Моя грудь стала дыбиться, плечи мои расправились, и я произнес:
– Да-да, конечно!
Все посмотрели на меня. Тоном мэтра волшебник сказал:
– М-м… какой интересный объектив в твоем фотоаппарате.
Я почему-то возразил:
– Но он же нерезкий.
– В этом все дело… У тебя он нерезкий не потому, что он нерезкий, а потому что ты так сделал. Но ты это сделал неосмысленно. Резкость объектива – это работа фирмы, а изображение создает автор. Так вот, изображение может быть резким и нерезким, в зависимости от сюжета.
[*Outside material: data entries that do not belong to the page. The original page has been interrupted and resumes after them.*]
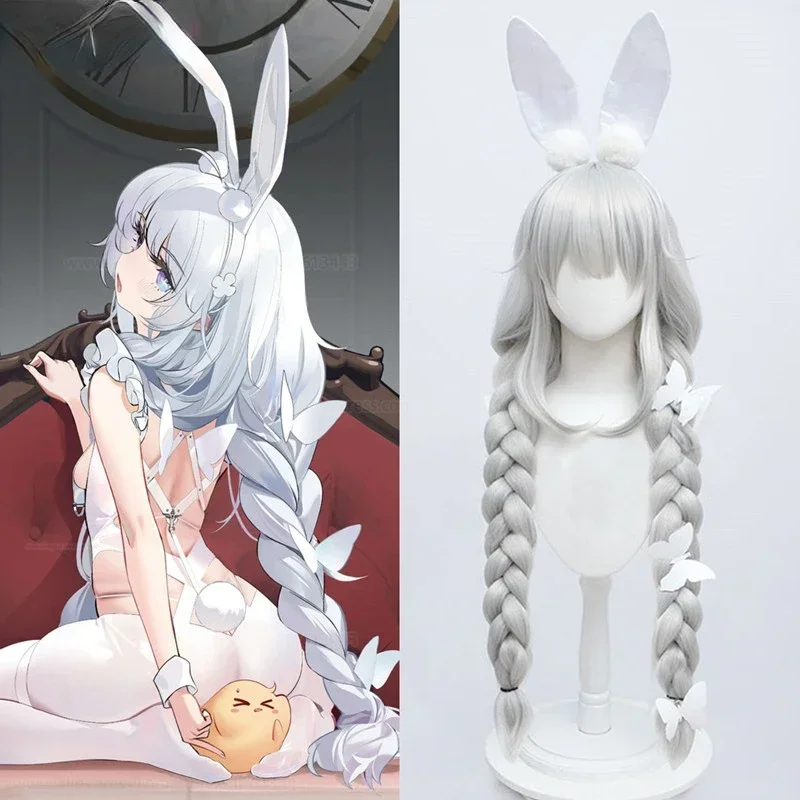 

Game Azur Lane MNF Le Malin Cosplay Wig White Bunny Girl Silver White 90cm Twist Braid Heat Resistant Hair Halloween Party Wigs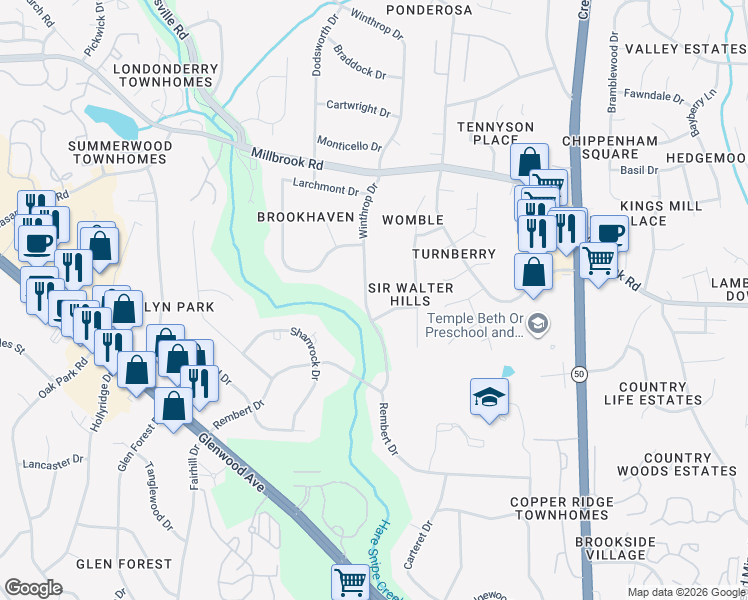 map of restaurants, bars, coffee shops, grocery stores, and more near 5700 Winthrop Drive in Raleigh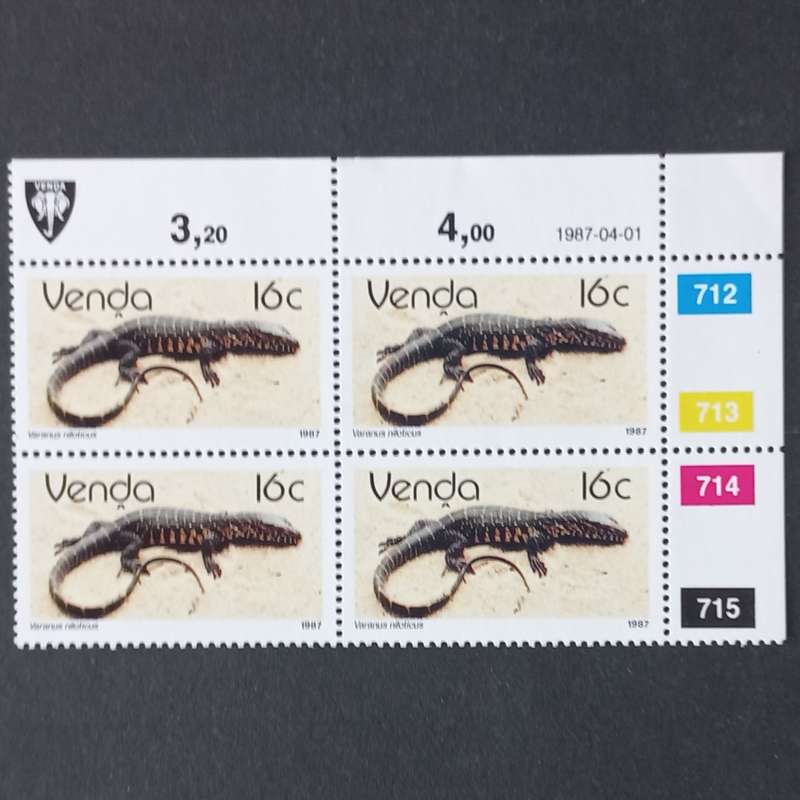 Venda - 1987 Addt Value to 2nd Defin Issue - 16c - Control Block of 4 - MNH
У тебя пейзаж, и он как бы в дымке, он чувственный. Как называется объектив твоего фотоаппарата?
– «Индустар».
– А-а, Tessar, значит.
Что такое Tessar, для меня было совершенно непонятно. Какое-то иностранное слово с двумя «с».
Я начал спорить:
– Да нет, это «Индустар».
– «Индустар» – называние объектива, а Tessar – это название конструкции. Tessar – это значит четыре линзы. Triotar – это три линзы, а Tessar – это усложненный триплет – четыре линзы. Эта конструкция дает резкое, качественное изображение. Так вот, у тебя изображение пластифицированное, наподобие изображения, которое дает объектив под названием Cooke.
Магистр линз поплыл перед моими глазами.